ただ、不動産を複数もっている人、あるいは、それを相続する立場の人にとっては「できたら相続させたくない/したくない不動産がある」という物件もあるかもしれません。そんな悩みの解決策の一つとなるのが、2023年4月27日に施行される「相続土地国庫帰属法」、そしてこの法律によってスタートする相続土地国庫帰属制度です。土地に限定した制度ではありますが、その詳細を見ていきましょう。

相続土地国庫帰属法・制度とは

「相続土地国庫帰属法」とは、2023年4月27日に施行される法律です。「遠方に住んでいて土地を利用できない」「土地を相続したが維持するためのコストを負担できない」「高齢となり土地の管理ができない」などの理由から、土地を放棄したいと考える権利者の存在は少なくありません。所有地に対するモチベーションの低さが相続登記の未了に繋がり、それが時間を経ることで「所有者不明土地」につながるのです。相続土地国庫帰属法は、こうした問題の解決策として期待されています。内容は、相続などによって土地を取得したとき、法務大臣の承認が得られれば、その土地の所有権を手放し国庫に帰属させることができる(国有地にする)という法律と制度になっています。
(参照:法務省「相続土地国庫帰属制度について」)

相続土地国庫帰属制度のメリットとデメリット

相続土地国庫帰属制度は、国という信頼度が非常に高い相手に必要としない土地を引き取ってもらえる一方、手続きに相応の時間や手間がかかるといわれます。相続土地国庫帰属制度のメリットとデメリットを見ていきましょう。

メリット

メリットの一つ目として、土地を引き取るのは国であるため、通常の土地取引よりは労力がかからない点が挙げられます。もし、いらない土地を売ろうとすると、不動産業者に声をかけ、数多くいる売却先の候補と交渉をする必要も出てきます。
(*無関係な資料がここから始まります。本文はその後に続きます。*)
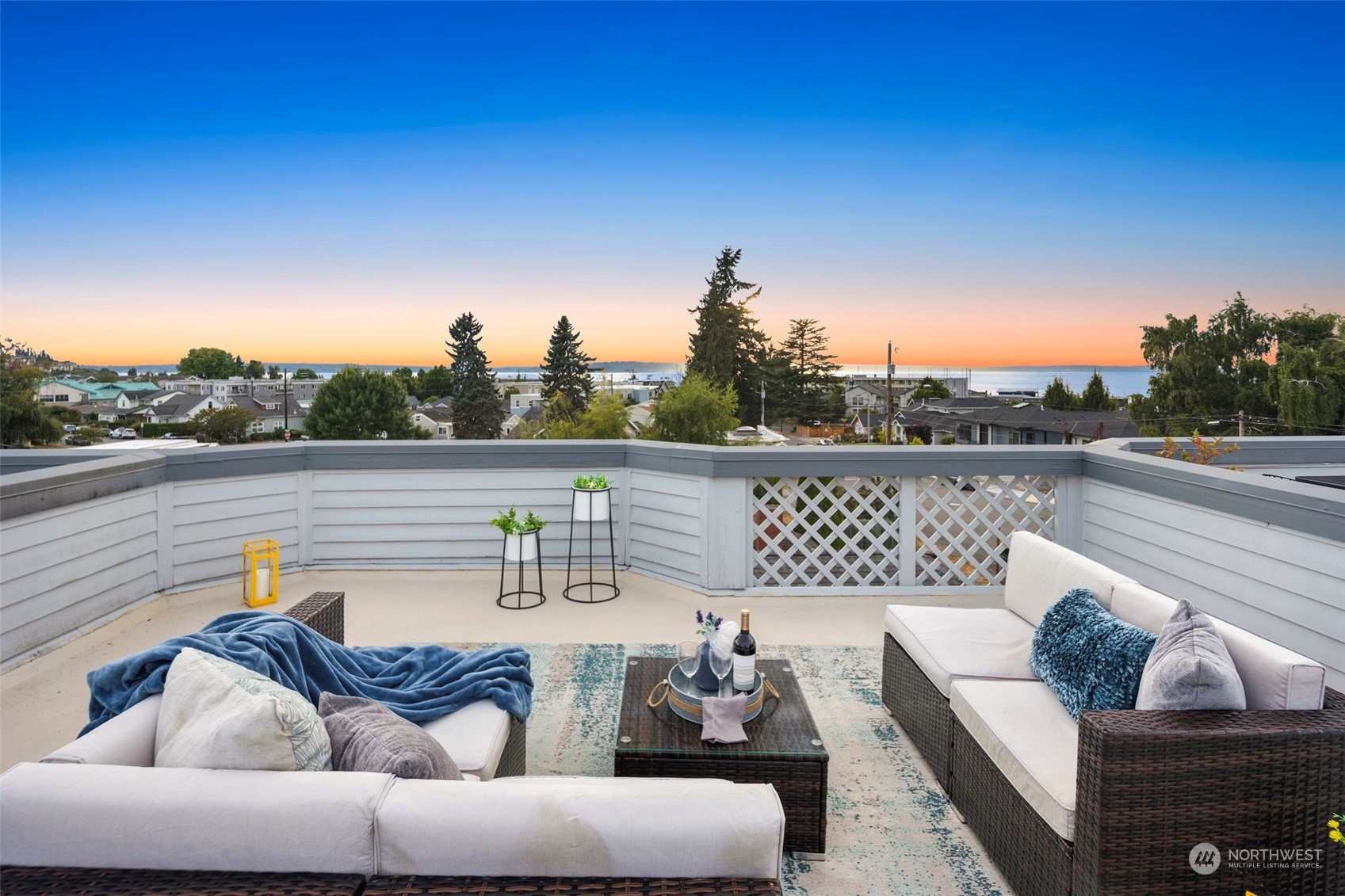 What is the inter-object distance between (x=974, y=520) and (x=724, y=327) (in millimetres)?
29199

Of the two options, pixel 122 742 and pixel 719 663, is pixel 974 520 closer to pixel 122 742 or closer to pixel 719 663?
pixel 719 663

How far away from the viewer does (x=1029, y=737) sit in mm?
1992

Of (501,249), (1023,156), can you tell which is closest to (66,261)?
(501,249)

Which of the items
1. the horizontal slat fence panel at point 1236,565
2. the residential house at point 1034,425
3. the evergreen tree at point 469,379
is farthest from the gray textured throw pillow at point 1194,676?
the evergreen tree at point 469,379

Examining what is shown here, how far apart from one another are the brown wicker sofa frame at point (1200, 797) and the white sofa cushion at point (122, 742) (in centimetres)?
190

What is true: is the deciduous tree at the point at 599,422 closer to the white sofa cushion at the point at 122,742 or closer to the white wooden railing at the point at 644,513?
the white wooden railing at the point at 644,513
次いで、国有地となれば土地に関するトラブル(取引における詐欺や管理業者に対する地域の方の反感など)のリスクを回避できる可能性が高まります。また、相続人に不明共有者が発生するなどの問題が起こる可能性もほぼなくなるといってよいでしょう。

そして、相続放棄のようにすべての不動産、あるいは財産が引き取られるのではなく、必要のない土地のみ引き取ってもらうことができます。つまり、相続した財産のなかでも必要だと思うものはのこしておけるのです。

デメリット

最大のデメリットとして、国への金銭の支払いが挙げられるでしょう。国に審査してもらうための手数料や、審査が通過した際に納付しなければならない負担金を支払う必要があります。また、弁護士や司法書士などの専門家に依頼する場合には、相談費用も考慮しなければなりません。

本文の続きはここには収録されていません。